Evet, emekçiler 1 Mayıs kutlayacaklar ama tam kapanma ilan edildi. Oysa işin püf noktasına bakıyorsunuz görüyorsunuz ki o kimseler salgın nedeniyle 1 Mayıs’ı alanlarda kutlayamıyorlar ama fabrikalarda, işyerlerinde yaşam durmuyor ki orada çalışmaya devam ediyorlar. Yani? Yanisi şu; bizler 1 Mayıs’ı kutlayamazken birileri para kazansın diye işçiler, emekçiler çalışmaya devam ediyorlar. Bu tam kapanmadan kimler yararlanıyor belli. Sonuçları ne olacak o da belli.
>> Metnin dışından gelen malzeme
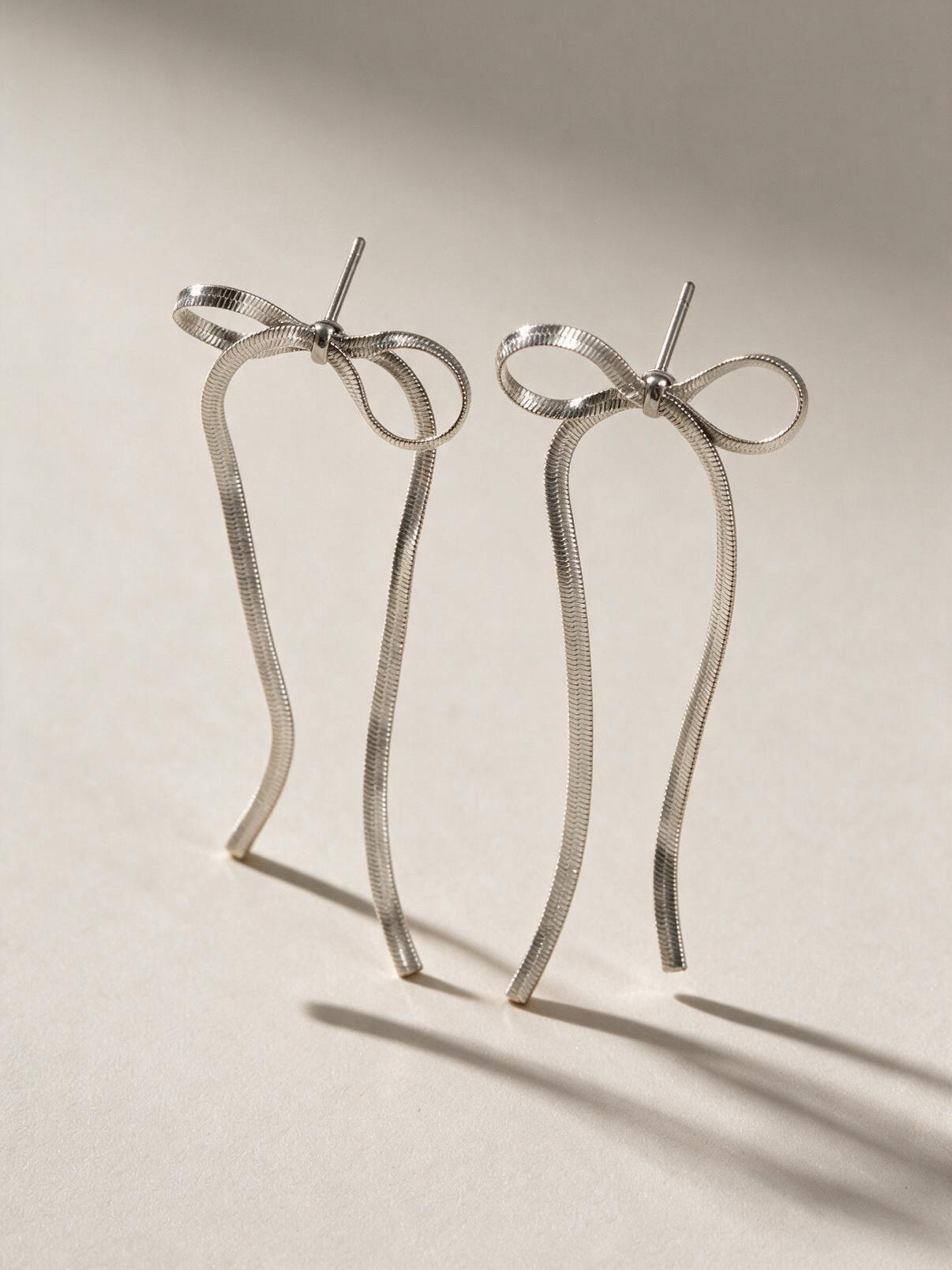 velmara-acc · orecchini-linea-semplici · Argento · 102 · 34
Çünkü büyük bir yurttaş kitlesi zaten sokakta ve de işyerlerinde olacak. 1 Mayıs günü çalışanlar dertlerini anlatacaklardı fakat anlatamayacaklar. Kod-29’la işinden olanlar, işsiz kalmaya devam edecek. Kısa çalışma ödeneğini bile çoğu emekçimiz yitirmiş olacak. Alanlar ise o kadar az para ile nasıl yaşamını sürdürecek bu sorununsa aslına kalırsa 1 Mayıs günü meydanlarda sorulması gerekiyordu fakat sorulamayacak Çünkü niye? İktidar tam kapanma yapmış da onun için.
Bilindiği gibi 1 Mayıs işçilerin; birlik mücadele ve dayanışma günüdür. Hak özgürlük, laiklik için ayağa kalkma günüdür.
1 Mayıs kutlanamazken başlığına gelince üzerinde durulması gerekiyor.
Çünkü bugüne kadar adım adım geri adım atmamış olsaydık bugün yazımızın başlığı 1 Mayıs Kutlanamazken değil 1 Mayıs’ı kutlarken olacaktı.
Bunun için buradan açıkça haykırıyorum: GÖRECEKSİNİZ TÜM YASAKLARINIZA KARŞIN O GÜNLER ÇOK DA UZAKTA DEĞİL BİLİN İSTİYORUM BİLİN!